President Barack Obama said Tuesday in his fifth State of the Union address that he plans to take executive action on a range of issues. His proposals include raising the minimum wage to $10.10 an hour for federal contract workers; creating a new "starter" retirement savings account system; launching four new manufacturing institutes; and other initiatives designed to spur economic growth, create jobs and expand access to education.
"What I offer tonight is a set of concrete, practical proposals to speed up growth, strengthen the middle class, and build new ladders of opportunity into the middle class. Some require Congressional action, and I'm eager to work with all of you," Obama said. "But America does not stand still – and neither will I. So wherever and whenever I can take steps without legislation to expand opportunity for more American families, that's what I'm going to do."
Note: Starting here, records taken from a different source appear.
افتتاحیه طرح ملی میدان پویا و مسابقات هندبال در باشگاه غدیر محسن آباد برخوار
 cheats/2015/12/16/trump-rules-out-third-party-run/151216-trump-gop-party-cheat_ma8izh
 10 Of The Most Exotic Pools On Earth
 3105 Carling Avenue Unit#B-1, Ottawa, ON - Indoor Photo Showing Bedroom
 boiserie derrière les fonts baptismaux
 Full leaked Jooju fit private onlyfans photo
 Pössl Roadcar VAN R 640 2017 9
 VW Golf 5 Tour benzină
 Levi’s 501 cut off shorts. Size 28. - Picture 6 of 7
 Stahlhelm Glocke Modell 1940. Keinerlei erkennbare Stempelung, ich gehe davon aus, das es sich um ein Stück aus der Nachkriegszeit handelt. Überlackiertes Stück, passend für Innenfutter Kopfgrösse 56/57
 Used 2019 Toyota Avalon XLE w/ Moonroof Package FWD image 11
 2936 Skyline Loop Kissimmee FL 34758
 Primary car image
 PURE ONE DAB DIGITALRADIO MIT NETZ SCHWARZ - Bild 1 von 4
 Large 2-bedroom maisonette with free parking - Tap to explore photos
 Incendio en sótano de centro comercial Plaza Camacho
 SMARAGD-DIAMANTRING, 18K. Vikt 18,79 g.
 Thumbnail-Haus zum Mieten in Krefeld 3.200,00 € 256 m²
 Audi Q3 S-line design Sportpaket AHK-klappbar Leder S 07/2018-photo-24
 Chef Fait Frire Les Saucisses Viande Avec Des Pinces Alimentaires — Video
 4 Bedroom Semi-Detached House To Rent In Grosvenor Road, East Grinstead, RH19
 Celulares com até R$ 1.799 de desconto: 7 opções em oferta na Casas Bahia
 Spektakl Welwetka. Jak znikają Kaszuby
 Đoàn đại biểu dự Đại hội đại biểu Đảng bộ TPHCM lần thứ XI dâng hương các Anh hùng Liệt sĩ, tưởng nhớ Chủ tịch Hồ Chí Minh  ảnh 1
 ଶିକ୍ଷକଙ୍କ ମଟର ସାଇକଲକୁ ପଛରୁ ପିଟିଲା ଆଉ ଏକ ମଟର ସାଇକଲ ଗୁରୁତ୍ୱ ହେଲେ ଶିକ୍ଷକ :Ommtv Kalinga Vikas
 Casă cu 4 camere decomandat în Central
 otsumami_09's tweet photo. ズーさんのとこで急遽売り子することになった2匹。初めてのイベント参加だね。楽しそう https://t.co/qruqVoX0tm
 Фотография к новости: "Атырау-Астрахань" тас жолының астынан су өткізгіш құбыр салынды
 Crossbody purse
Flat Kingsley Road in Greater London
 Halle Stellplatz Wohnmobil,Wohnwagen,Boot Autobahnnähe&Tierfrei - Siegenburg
Obama challenged Congress to make universal pre-K available for all four year olds, finish transportation and waterways bills, reverse research budget cuts, fund job programs, restore unemployment insurance, reduce student loans and fix the tax code. He also said he will address gun violence "with or without Congress, to help stop more tragedies from visiting innocent Americans in our movie theaters, shopping malls, or schools like Sandy Hook."
Republican House Speaker John Boehner said Tuesday that his party will not allow the president to "trample all over" them by pushing his agenda through executive actions:
This idea that he's just going to go it alone, I have to remind him we do have a constitution. And the Congress writes the laws, and the president's job is to execute the laws faithfully. And if he tries to ignore this he's going to run into a brick wall.
Yet Boehner did say he thought Republicans could find common ground with Obama and Democrats on a host of issues like immigration, energy and cyber security. "If the President is serious about a year of action it would be nice if he would just reach out and work with us," Boehner said.
Out of 24 concrete proposals made in Obama's 2013 State of the Union, only five were successfully enacted. Another six are in progress.